So it's the second week of the new year, and chances are, even if you decided to make a New Year's resolution, you might have already given in and missed a workout or ate an entire pie in bed or something. One of my resolutions this year was to stop muttering. I decided that I would tell people what my resolutions were so they could hold me accountable, but when I told my friends, they'd tell me to speak up because I was muttering. So here's what I've learned from years worth of failed goals and resolutions, and what I've learned so far to really make them happen.
1. Don't be so vague.
Many years, one of my resolutions has been to exercise more. Uh, okay, but what does that even mean? I could walk more or make sure to buy more groceries so I have to lift more on the way home.
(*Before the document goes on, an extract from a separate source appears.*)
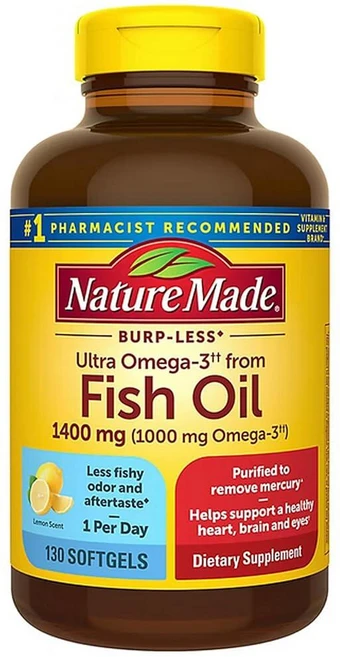 네이처메이드 피쉬 오일 1200mg 소프트젤 100정 135793, 130 Count (Pack of 1), 1개 - 쿠팡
And even if I exercise more, what if I decide to counteract it with eating straight up fat (which is a real thing that I have done in the past)?
Making wishy-washy goals is the wuss approach to resolutions. Make your goal something specific that you can actually track to see how far you've come. My cinema fraternity, Delta Kappa Alpha, has new ideas submitted for meetings by having people fill out a SMARTER goals sheet, asking if ideas are specific, measurable, achievable, relevant, timely, available for evaluation, and a concept that can be readjusted to make the overall goal happen if necessary.
What do you really want to do? If you want to lose weight, how much do you want to lose, and what's a realistic amount of time to get there? How will you do it? Focus on the small stuff to get big rewards. When it comes to goals and resolutions, quality takes precedent over quantity every day and any day.
2. Be okay with failing.
My freshman year roommates are familiar with me talking about going to the gym and not going. My plan was to go two or three times a week, but if I didn't make it the first time on Tuesday, I'd be like, "eh, try again next week."
Take on your failures and don't let them stop you from pursuing what you want. My perfectionism sometimes prevents me from taking the time to own what needs to be improved on projects and I get too focused on trying to make something without flaws. There will always be flaws, and once you acknowledge that, there's little room for something like guilt or shame to push you towards regression (or like on This is Us, and have Kate be sad about losing her boyfriend and grabbing powdered doughnuts at the gas station).
3. Do it.
After a while, there's a point where your goals won't happen unless you stop BS-ing yourself. I am amazing at failing this last step. I'm great at telling people my goals that I want to achieve. I want to work out 2-3 times per week. I want to make music and get it out of my head. I want to write almost every day. I want to stop procrastinating, or at least regain my fear of turning in things on time. I want to learn Cantonese. I want to learn how to drive. I want to finish my college applications on time.
They're all things I've told people, and some of those I've completed. But as much as I might have let people know to keep me accountable, or made plans of how I was going to achieve my goals, it doesn't mean much of anything if I don't, you know, actually DO them. One of those self-help articles that pop up on your feed really jumped out at me this year: What are you willing to struggle for? Sure, imagine the end result of you as a healthier or happier person. If that helps you do it, that's great. But also think about what you'll lose by achieving that goal. Writing more means working through times when you don't feel like writing. Working out means the energy it takes to get over to the gym and the effort to maybe eat at least a little healthier than the two doughnuts you had for breakfast. If you want it that bad, the struggle is worth it as a means to a worthwhile end. If you don't, maybe you're just in love with the fantasy or idealization of it all.
In La La Land, Ryan Gosling and Emma Stone's characters, Sebastian and Mia, have to make a decision on their priorities. As they fall in love with each other, they have to make hard choices about what jobs to accept and which risks to take and which compromises to make in order to try and create a better life for themselves. And that's where it hits home for us - at the end of the day, we're all just trying to live and live better. But to be better, we have to acknowledge what we're willing to struggle with and carve out goals and resolutions we believe in and are willing to work to achieve.
So let's do this, you and me. Let's stop talking and start doing, and then share with me how your progress is going. But when you give me an update, make sure I'm not muttering, okay?